Relating DTI Parameters to Neurobiology
Fractional Anisotropy
Several DTI indices can be derived from the eigenvalues to quantify the properties of white matter noninvasively, but the most widely used is FA, which is an index of the amount of anisotropy. FA describes the directional coherence of water diffusion in tissue and is generally interpreted as a quantitative biomarker of white matter “integrity.” This is because pathological studies tend to show a reduction of FA associated with neurodegenerative processes [44–48] and developmental studies tend to show an increase of FA through infancy, childhood, and adolescence [49–53], whilst IQ or improved performance in particular cognitive domains often correlates with increased FA [54–56]. However, equating FA with an index of white matter “integrity” is an oversimplified interpretation because FA cannot disentangle the individual microscopic contributions (partly due to the relatively large voxel size) [12, 30, 36].
FA is influenced by large, oriented macromolecules, organelles and membranes . The degree of myelination, axon packing, the relative membrane permeability to water, the internal axonal structure, and the tissue water content all contribute to tissue anistropy [57]. The degree of anisotropy is often most strongly correlated with axon count and density [43], whilst the degree of myelination correlates with FA, but does not determine tissue anisotropy, which has also been demonstrated in non-myelinated fibres.
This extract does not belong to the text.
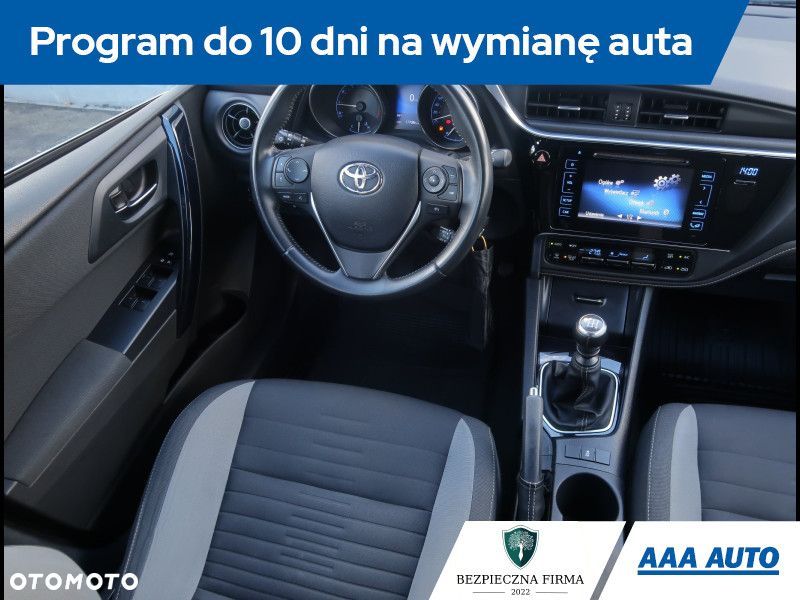 Toyota Auris - 8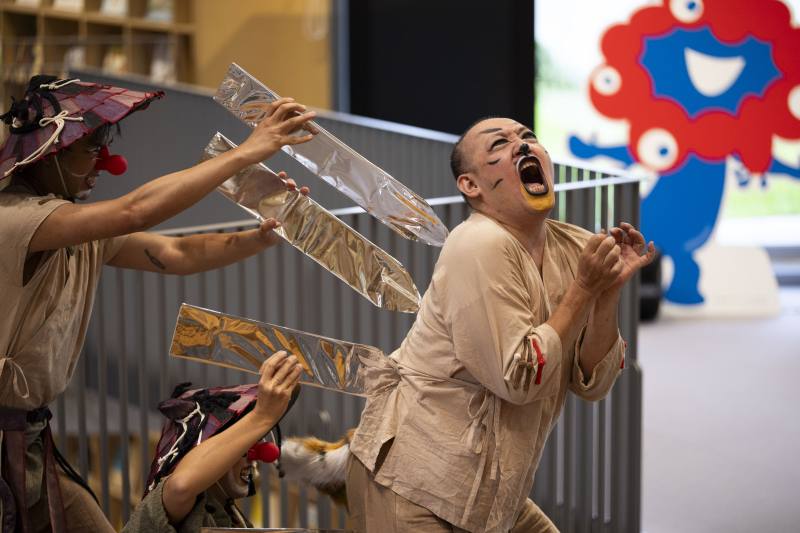 「野孩子肢體劇場」在童書之森帶來「默劇演出—虎姑婆」，讓平面的繪本創作成為立體化的展演。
Furthermore, as axon count and myelin are strongly correlated, it is impossible to differentiate between them when interpreting FA changes. For this reason, FA should not be equated with an index of myelination or myelin damage.
Large regional differences have been observed in WM FA measurements. These differences follow a typical pattern of high FA in the core of fibre bundles and low FA in the periphery [58], although there are exceptions. For example, in regions of where fibre bundles cross, FA is low. Regional anisotropy may arise from differential rates in developmental and degenerative trajectories for different fibre pathways [51]. For example the superior longitudinal fasciculus matures at a relatively later stage of development than other white matter fibre bundles, and an anterior-posterior gradient of FA decline in later adulthood has been observed [59, 60]. This regional heterogeneity introduces its own challenges with regard to both study design and the interpretation of results, as discussed later in this chapter and in Chaps. 8 and 13.